One context where this solution is germinating is cybersecurity research. Commercial and public researchers and policymakers are tackling novel ethical challenges that exert a strong influence for online trust dynamics. These challenges are not exceptional, but increasingly the norm: (i) to understand and develop effective defenses to significant Internet threats, researchers infiltrate malicious botnets; (ii) to understand Internet fraud (phishing) studies require that users are unaware they are being observed in order to ascertain typical behaviors; and (iii) to perform experiments measuring Internet usage and network characteristics that require access to sensitive network traffic.
These research activities are prerequisite for evidence-based policymaking that impacts us individually and collectively, such as infrastructure security, network neutrality, free market competition, spectrum application and broadband deployment, technology transfer, and intellectual property rights. Therefore, in the wake of failures to resolve these mounting tensions, ethics has re-emerged as a crucial ordering force.
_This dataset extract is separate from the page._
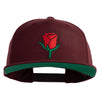 Mini Rose Patched Wool Blend Prostyle Snapback Cap - Maroon OSFM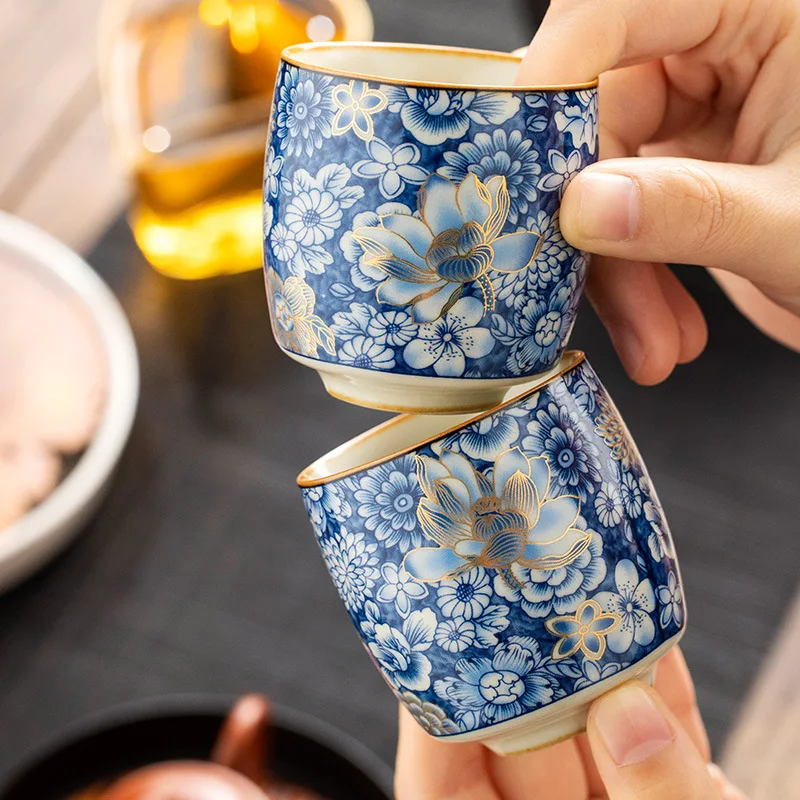 Ru Kiln New Gold Wanhua Персональная чашка Керамическая для чая Китайская домашняя Чашка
For this reason, ethics underpins the debate among CS researchers, oversight entities, industrial organizations, the government and end users about what research activity is or is not acceptable.
This workshop is anchored around the theme of "ethics-by-design", and aims to:
- Educate participants about underlying ethics principles and applications;
- Discuss ethical frameworks and how they are applied across the various stakeholders and respective communities who are involved;
- Impart recommendations about how ethical frameworks can be used to inform policymakers in evaluating the ethical underpinning of critical policy decisions;
- Explore cybersecurity research ethics techniques, tools, standards and practices so researchers can apply ethical principles within their research methodologies; and
- Discuss specific case vignettes and explore the ethical implications of common research acts and omissions.
Agenda
For talks with presenters, the format will be 15 minutes talk time by the presenter, followed by 30 minutes of group dialogue.
May 23 (Thursday)
Place: The Westin St. Francis Hotel, San Francisco, CA- 09:00 - 09:15 Welcome, Introductions, Opening Remarks
- Michael Bailey and Erin Kenneally
- 09:15 - 10:30 Theme A: Brave New World - Ethical Research Amidst Expanding Opportunities
Discussions focused on the lines being drawn between ethical and unethical research in the ICTR community- Henry Corrigan-Gibbs and Bryan Ford, Ethics of Internet Freedom Promotion - Welcome to the World of Human Rights: Please Make Yourself Uncomfortable
- Sebastian Schrittwieser, Martin Mulazzani and Edgar Weippl, Ethics in Security Research: Which lines should not be crossed?
- John Aycock and John Sullins, Why "No Worse Off" is Worse Off
- 10:30 - 10:50 break
- 10:50 - 12:20 Theme B: Checking Our Collective Assumptions- Risks and Benefits at the Frontline of ICT Research
Discussions that highlight evaluating and balancing risks and benefits and finding common ground- Stefan Savage and Tadayoshi Kohno, Vulnerability Research in the CyberPhysical World
- Mark Allman, Traffic Monitoring Considered Reasonable
- Ty Bross and Jean Camp, I Just Want Your Anonymized Contacts! Benefits and Education in Security & Privacy Research
- 12:20 - 13:20 lunch
- 13:20 - 14:35 Theme C: Teaching Researchers to Fish - Tools to Implement Ethics Principles and Applications
Discussions that explore techniques, tools, standards and practices to facilitate the application of ethical principles in practice- Stuart Schechter, Cristian Bravo-Lillo, Cormac Herley, Serge Egelman and Janice Tsai, You Needn't Build That: Reusable Ethics-Compliance Infrastructure for Human Subjects Research
- Ronen Margulies and Amir Herzberg, Conducting Ethical yet Realistic Usable Security Studies
- Rula Sayaf, James B. Rule and Dave Clarke, Can Users Control their Data in Social Software? An Ethical Analysis of Control Systems
- 14:35 - 15:00 Theme D: Who's Driving the Train?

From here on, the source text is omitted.